[antlr-interest] question on greedy matching

Thu Oct 20 00:50:22 PDT 2005

Hi,

On 10/18/05, Andrei Alexandrescu <andrei at metalanguage.com> wrote:
> I have a question on how to solve a particular greedy/non-greedy
> matching with ANTLR.
>
> Consider the following language design for a sort of a try statement:
>
> try statement ( catch (ID ID) '{' statement '}' )+
>
> Clearly not an award-winning design, because it has the "dangling catch"
> ambiguity:
>
> try
>      try
>          foo();
>      catch (E1 e) { bar(); }
> catch (E2 e) { baz(); }

I assume the try statement is an alternative of the statement rule (or
somewhere below it)?

> There's a need for a meta-rule to decide where the last catch comes. So
> here it is:
>
> "One catch always binds to the closest try statement. The others always
> bind to the outermost try statement possible."
>
> I'm not sure I was clear enough, but the intent of the rule above binds
> the first catch in the example to the inner try, and the second catch to
> the outer try, as the indentation suggests.
>
> Moreover, in the example:
>
> try
>      try
>          foo();
>      catch (E1 e) { bar(); }
> catch (E2 e) { baz(); }
> catch (E3 e) { baa(); }
>
> again the rule makes the statements bind as the indentation suggests.

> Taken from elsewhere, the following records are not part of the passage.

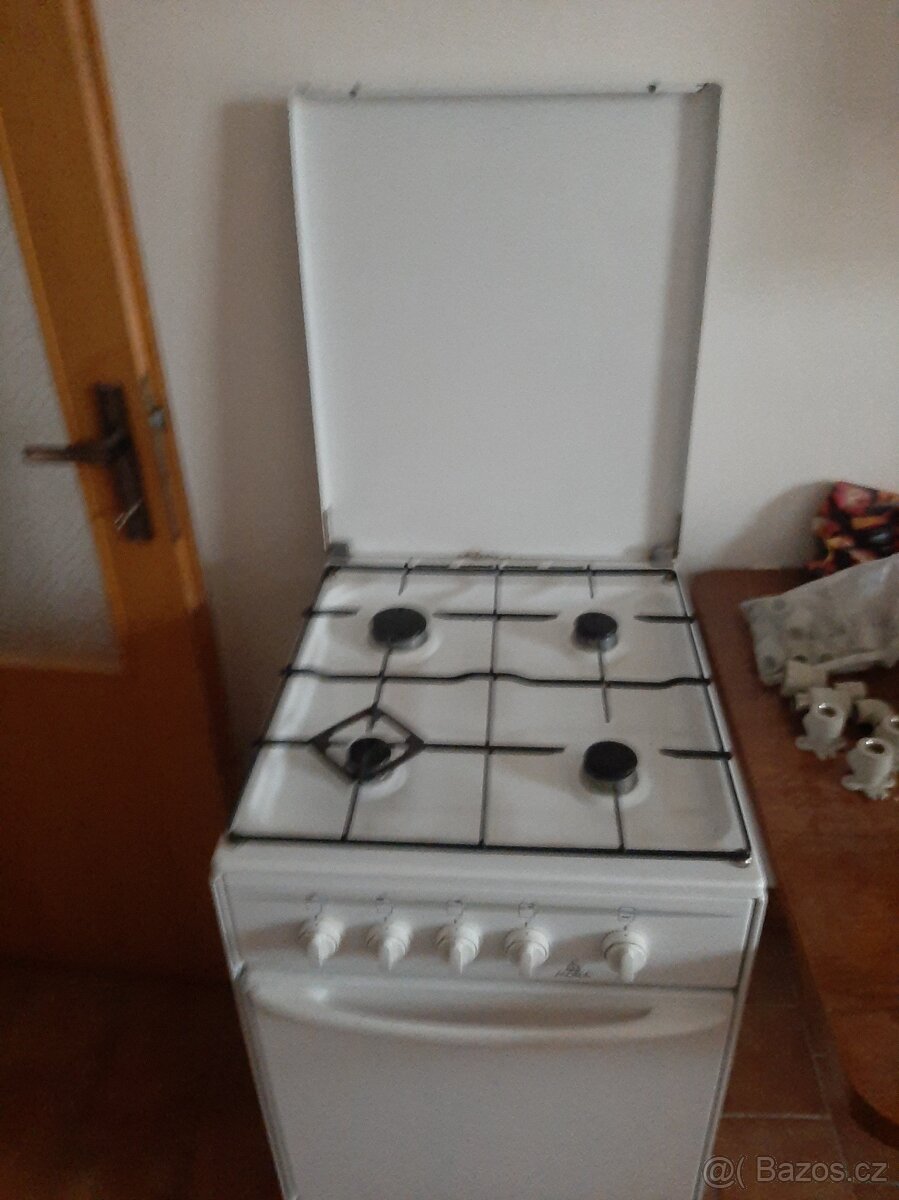 Prodám plynový sporák - 4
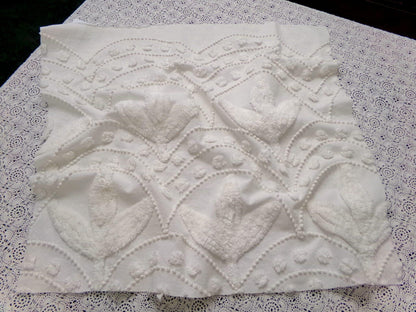 Vintage Chenille Fabric Dimensional Scallop Fan Leaf Design 22x23"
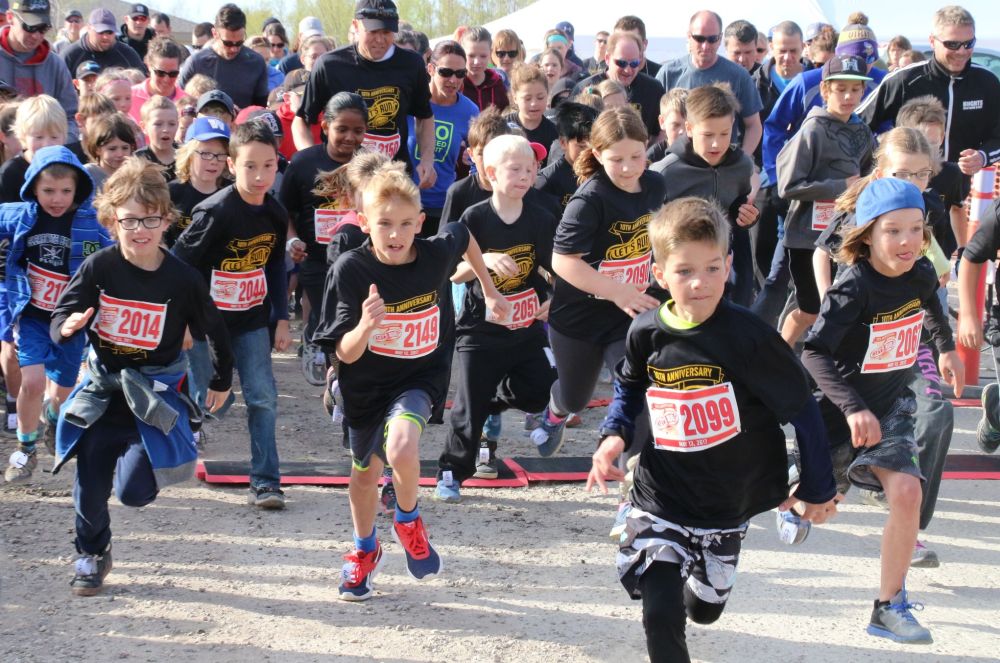 GRANT BURR | THE CARILLON
Participants in the Let's Run 2km Kids Run bolt from the starting line at the start of Saturday's race.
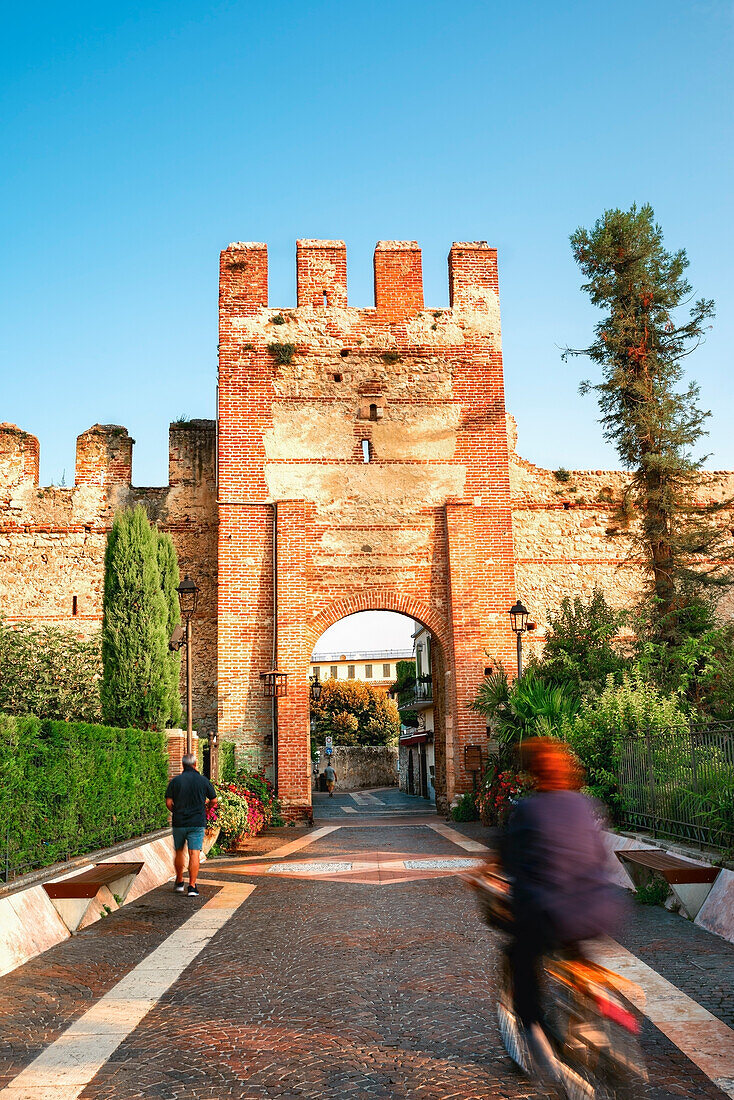 Porta S. Marco, Eingang zu Lazise del Garda mit Scaliger-Mauern und Touristen, Lazide del Garda, Lago di Garda, Venetien, Provinz Verona, Italien, Europa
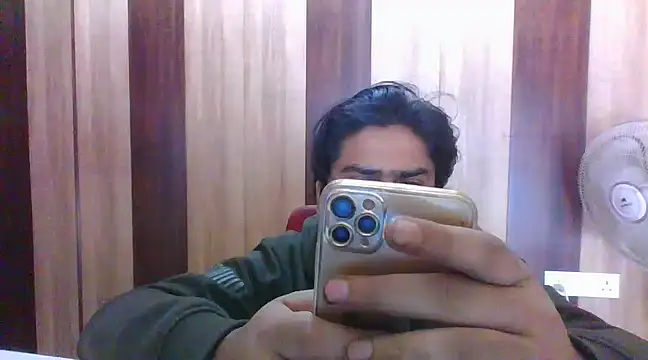 indihotguy online show from February 6, 7:56 am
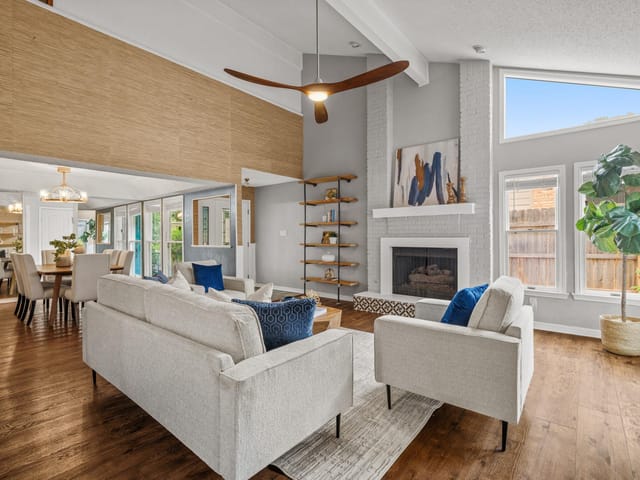 8131 Forest Mesa DR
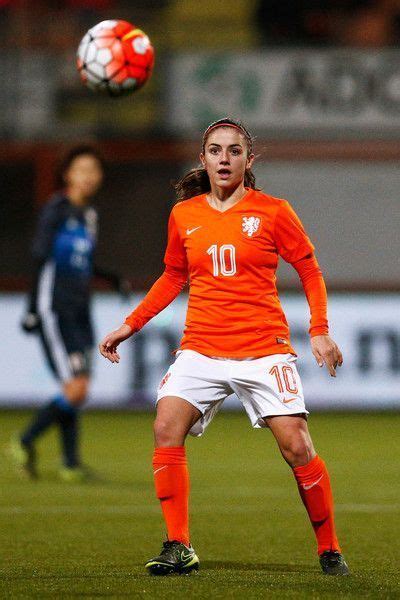 Dutch Football Player Daniëlle Van De Donk Female Football Player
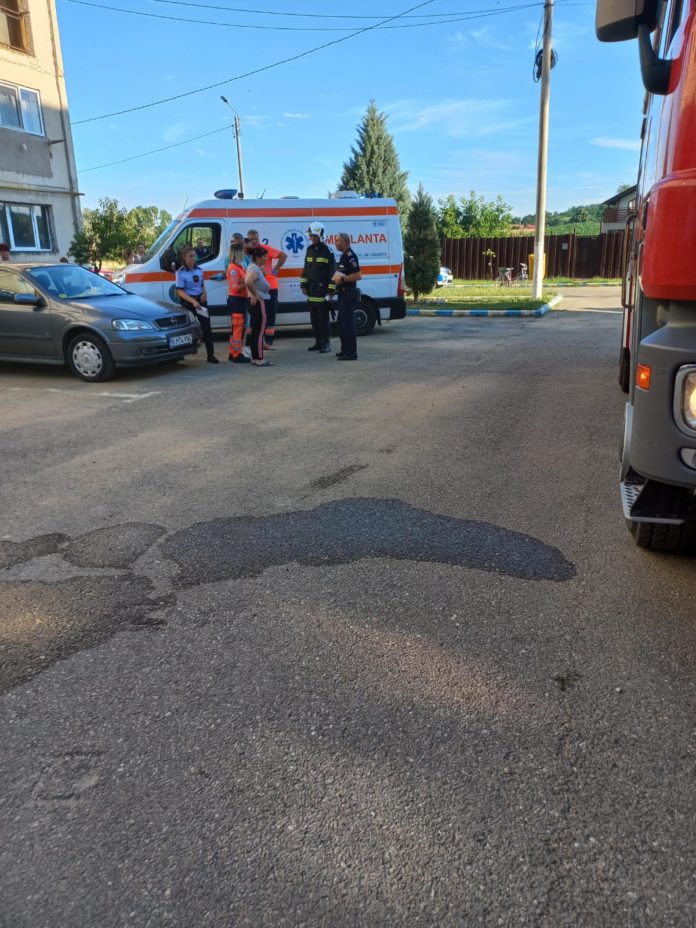 Gorj: Explozie la etajul al treilea al unui bloc din Turceni Gorj: Explozie la etajul al treilea al unui bloc din Turceni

(Side note: This is awfully horrid language design.... adding curlies
around the statement inside the try would make life a lot more
pleasant.)

I guess the following is not allowed?

try
     try
         foo();
     catch (E1 e) { bar(); }
     catch (E2 e) { baz(); }
     bbb();
catch (E3 e) { baa(); }

> So, the question is, what would be the cleanest way to express that in
> ANTLR (preferrably without semantic predicates)? If I understand
> correctly, it's not an issue of setting the greedy option, because the
> same try construct must be parsed greedily or not, depending on whether
> the parent is a try statement as well.

No predicates is probably not possible without switching to
treebuilding and fixing things in a 2nd pass.

Not 100% sure but the dirty trick department might work:

try_rule { ncatch = 0; }:
try { this.ntry++; } statement
(  { if( ntry > 1 && ncatch > 1 ) break; }:
   catch { ncatch++; }  (ID ID) '{' statement '}'
)+ { this.ntry--; }

Alternatively:

start out with a try rule with only one catch. Then define an extra
alternative (probably in the statement rule to collect trailing catch
statements) Some checks are probably necessary afterwards to see if
everything made sense. The catch all might need a predicate to prevent
it from being entered if the preceding statement was not a try.

Going multipass is probably the cleanest.

Hope this helps (and that it was not too late in the evening when I
wrote this ;) ),

Ric